Today’s moon landing artifact is a hand-knitted sweater (H 63071). This bright blue sweater is ribbed at the waist, neck, and cuffs. The body of the sweater is purled with an image of a white rocket and yellow moon and stars on the chest. The words “Apollo 11” and “USA” have been sewn onto the rocket in grey yarn.
Guinness World Record Holder Gwen Matthewman of Featherstone, Yorkshire, England, knitted this sweater in July 1969, for Neil Armstrong. Her own original design, Matthewman produced this rocket sweater from 40 ounces of wool in six hours. Read more about her and the creation of this sweater in the August 13, 1969, edition of The Australian Women’s Weekly here.

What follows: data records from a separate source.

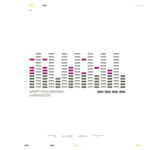 Valkoinen taustaväri, jota vasten äänipalkkeja eri korkeuksilla ja eri väreillä. Kuvan alaosassa pientä lukukelvotonta pränttiä.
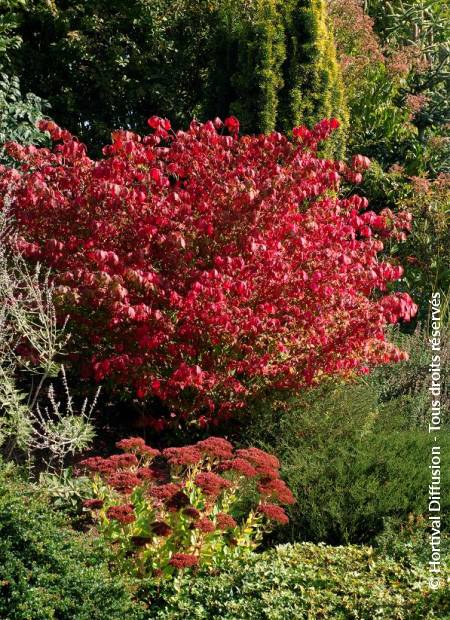 © Hortival Diffusion - Tous droits réservés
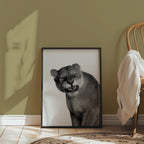 Snarling Lioness Poster – i rum 4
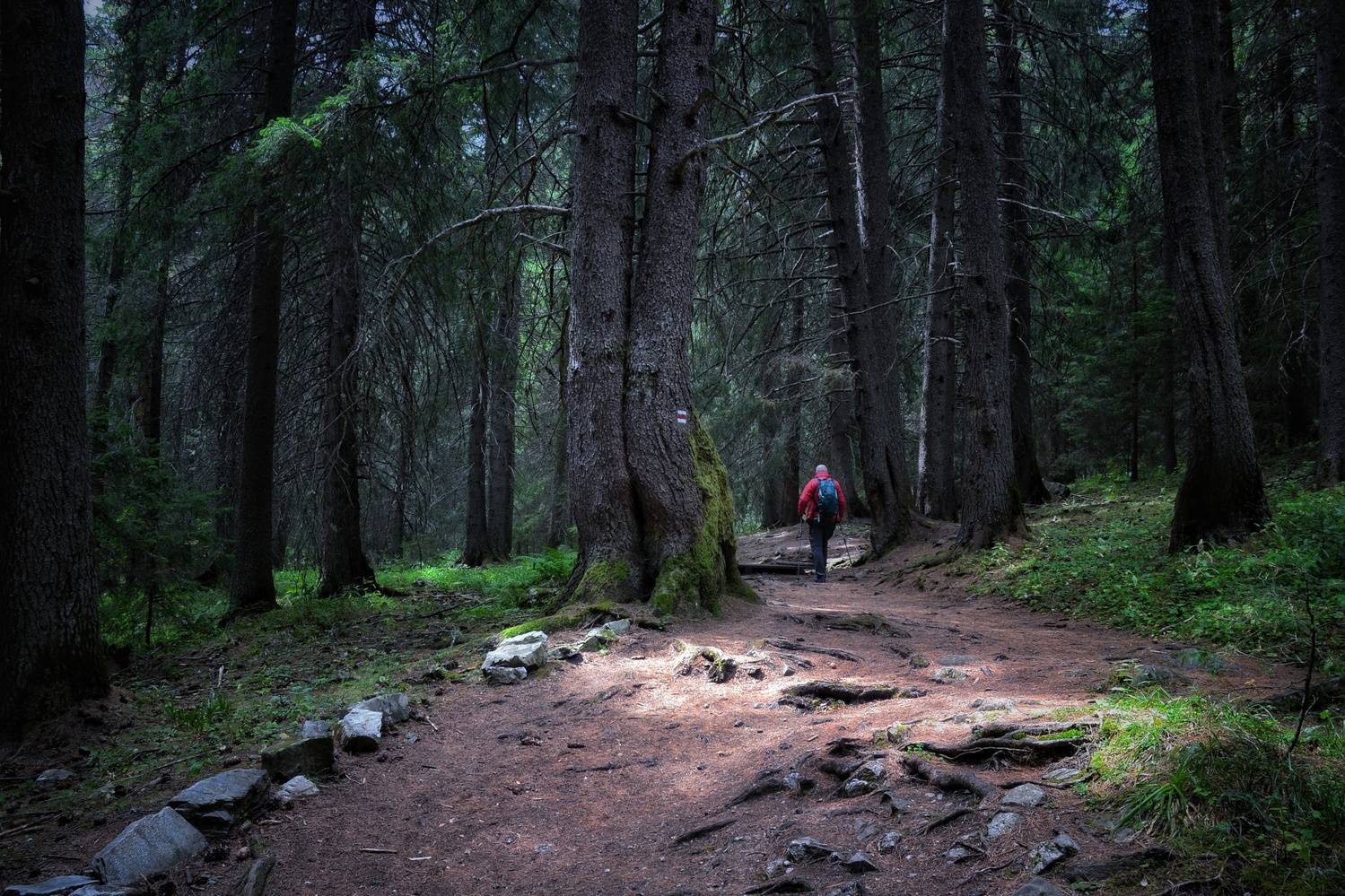 , Юлияна Стоянова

Matthewman sent the sweater to NASA at the Manned Spacecraft Center in Houston, TX (now the Lyndon B. Johnson Space Center). Dr. Robert Gilruth, Director of the Manned Spacecraft Center, forwarded the sweater on to Janet Armstrong to give to her husband, Neil. NASA officials thanked Matthewman for her gift and promised that Armstrong would wear the rocket sweater for pictures.

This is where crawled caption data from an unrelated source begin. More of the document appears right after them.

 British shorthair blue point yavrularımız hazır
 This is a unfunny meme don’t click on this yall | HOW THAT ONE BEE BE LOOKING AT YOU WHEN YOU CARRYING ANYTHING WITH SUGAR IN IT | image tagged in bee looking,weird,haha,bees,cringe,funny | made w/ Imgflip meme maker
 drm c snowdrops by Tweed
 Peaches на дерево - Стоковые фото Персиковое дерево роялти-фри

Strangely enough, this is not the only sweater in the Ohio History Connection created to commemorate the moon landing. H 63214 is a white child’s sweater knitted with Armstrong’s famous words, “One small step for a man, one giant leap for mankind.” The creation of these sweaters indicates the cultural extent the moon landing had on the public internationally.